# Found an Old Dutch Capuchine pigeon!



## olddutchcapuchine (Aug 13, 2017)

Hi everyone!

I'm totally new here and don't know a thing about birds so I need as much advice as possible please. 
I live in the United Kingdom, in a relatively urban area. Today, what I have identified as an old dutch capuchine, wandered down the street, walked straight through the front gate, past my legs, and headed straight to the back garden. (this is the first time i've ever seen this bird) It looks very clean and doesn't seem to have any injuries. I've attached some pictures.
It was just wandered around the garden until I lay down a tray of bird seeds and some water and it's been eating, drinking, and pooing fine. Now, this bird has been hanging around for hours. It seems very tame, and lets me get my hand about an inch away from it before it starts walking away. It hasn't tried to fly anywhere, or even flap, though it has stretched its wings out and they seem to be perfectly fine. 

However, i'm a bit concerned for its safety, it will take strolls to the front garden and go out of the gate and just stand in the middle of the road, and since I don't know whether it can fly or not, i'm concerned about a cat getting to him. Also not sure whether it was a pet, or just wild. 
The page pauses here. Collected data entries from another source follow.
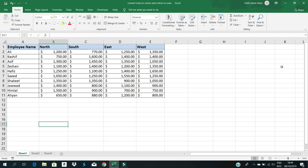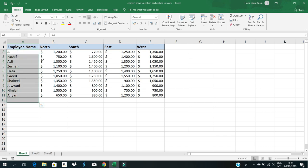Hi viewers, in this video you will learn how to convert rows to columns and columns to rows. First, understand the given data in the table. In the column side is the employee name, and in the row side are the selling areas.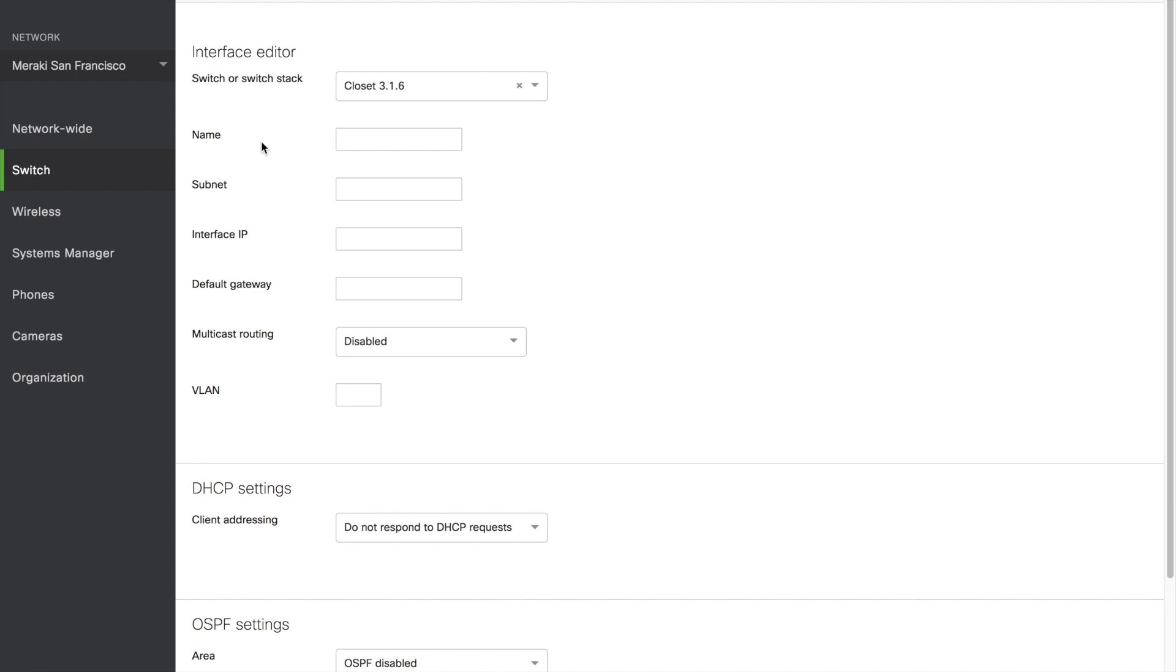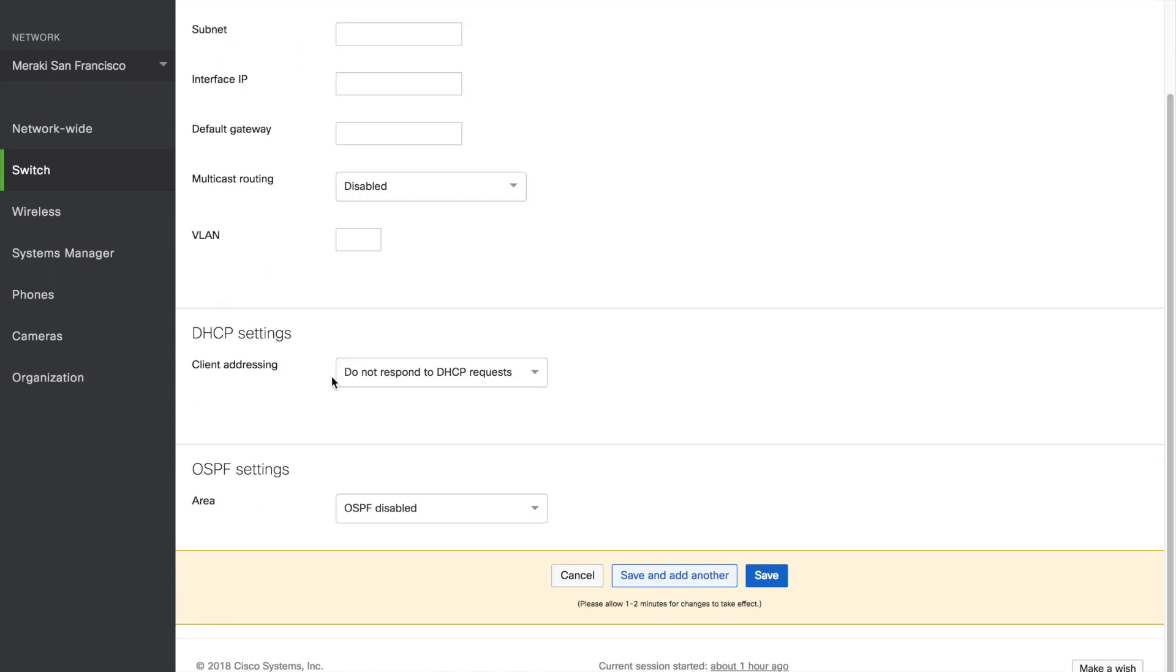Input the name, the subnet, the interface IP, the default gateway, as well as identifying a potential VLAN. And then save, or save and add another.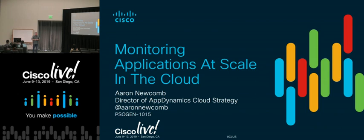My name is Aaron Newcomb. I am the Director of AppDynamics Cloud Strategy, according to the slide. That means I talk about our cloud solutions with customers and internally try to promote them. I've got two great customers who I'll introduce in a minute. They're going to come up and talk about how they've implemented their solution with AppDynamics as well.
Please can I have as much advice as possible! The RSPCA don't seem to be picking up the phone, and since its not injured i'm not sure they'll do anything anyway. It's such a BEAUTIFUL bird, I almost don't want to let it go, and it seems to like me!!


----------



## cwebster (Dec 11, 2010)

Would carch him and cage him for his safety. Would check facebook pigeon rescue for uk and see if they have a lost and found section? http://www.pigeons.biz/forums/f20/b...-for-treatment-102514.html?highlight=Facebook
Look at tye link in this older post. 
Beautiful pigeon! Would you be willing to give him a home?


----------



## Jay3 (May 4, 2008)

They aren't wild birds. So he probably got lost. Catch him and put him in a cage or he will be lunch for a predator. If he could fly then he wouldn't be walking around. He may be sick or injured, or just starving and weak. Give him a dish of water. One cup water with a pinch of sugar and a pinch of salt mixed in. This will help to rehydrate him. He is a beautiful bird and belongs to someone. Please don't call the RSPCA.


----------



## olddutchcapuchine (Aug 13, 2017)

thanks for the advice everyone! that facebook group is really useful and i've had lots of offers of people willing to take it in


----------



## FredaH (Apr 5, 2016)

Phew thank goodness for that, such a beautiful bird and I'd have snapped it up pronto if it wandered anywhere near me. RSPCA aren't always what they seem, as I'm sure you've now been told on the group. Thanks for helping this little beauty.


----------